Inside The First Sighting Of The Black Knight Satellite

A mysterious, irregularly-shaped object that sort of looks a black chess piece, spinning in orbit around the Earth? Must be ... aliensAnd in the case of a story run by the Daily Mail, online conspiracy theorists SecureTeam10 claim that the object was shot down by Illuminati-led super soldiers who, uh ... prevented aliens from continuing to monitor and communicate with Earth using their 12,000-13,000-year-old spying device. Aw yeah. That's the good stuff.

The "Black Knight Satellite" refers, in fact, to a collection of unrelated UFO and alien stories that go back over 100 years. The saga is recounted in Vice, and includes the story of Norwegian engineer Jørgen Hals in 1927, who noticed unexplained, Long Delayed Echoes when he sent radio signals into space. The next sighting was in the 1960s, when an actual anomalous object in polar orbit caught the attention of the both the US and the Soviet Union. It wasn't until 1973 that science fiction writer Duncan Lunan tied these, and other stories, together under the umbrella term Black Knight Satellite. He, and others since then, speculated that an alien object in orbit was responsible for many of history's alien contact stories. In 1998, we finally got a photo, which US astronaut Jerry Ross says was actually a lost thermal blanket covering a trunnion pin on an ISS node (whatever that means). 

And the initial chapter of this story? Why, it belongs to none other than nerddom's most beloved wunderkind, Nikola Tesla, in 1899.
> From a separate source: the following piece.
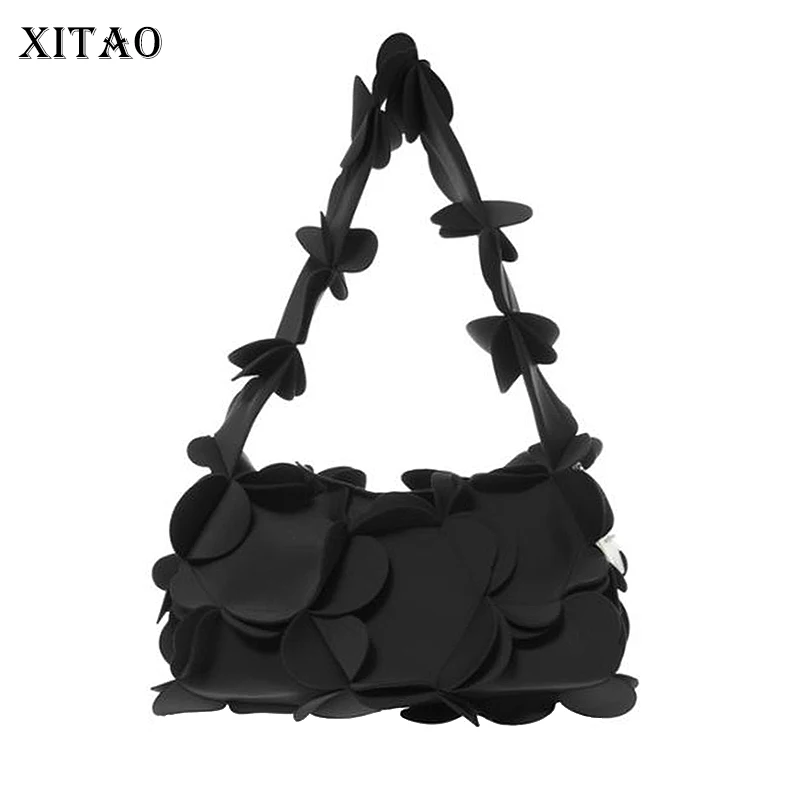 

XITAO Bow Shoulder Bag Fashion New Women Black Small Fresh Casual Style 2021 Summer Three-dimensional Petal Bag 2021 LDD2107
I took a picture of a thing. It's aliens.

Tesla may have been a scientific and mechanical genius who invented the alternate-current (AC) motor that won George Westinghouse the bid for the 1893 World's Fair, sure. He was also a noted victim of capitalist throat-slitter Thomas Edison's tech-stealing scams, yes. But Tesla as the original tin foil hat boy? This does or does not invalidate any and all Black Knight Satellite conspiracy theories, depending on which circles you run in.

In 1899, Tesla was chilling at his home in Colorado Springs, which doubled as a laboratory, upon which he had built a gigantic radio tower. Tesla, of course, ever the far-seeing futurist, was tinkering with the wireless power that served as the progenitor for modern visions of wi-fi, satellite communication, and so on. But it wasn't until 1923 that he would come forward to claim, in an interview with the Albany Telegram, "I have a deep conviction that highly intelligent beings exist on Mars." He recounted his story of developing a "wireless receiver of extraordinary sensitiveness," and having received the signal 1-2-3-4 from "Martians." Aw yeah, that's the good stuff, again.
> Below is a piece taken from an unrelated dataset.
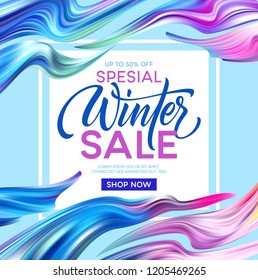 Winter sale lettering banner with color fantastic waves. Modern colorful flow poster. Wave Liquid shape. Art design for your design project Vector illustration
Naturally, Tesla was slammed by his contemporaries, and subsequent theories postulate that he was picking up some background radio waves from deep space, or receiving electrical interference from Jupiter. No matter the extraterrestrial truth of his experience, Tesla, through this claim, earned a spot within the long-standing tale of the Black Knight Satellite as its first witness.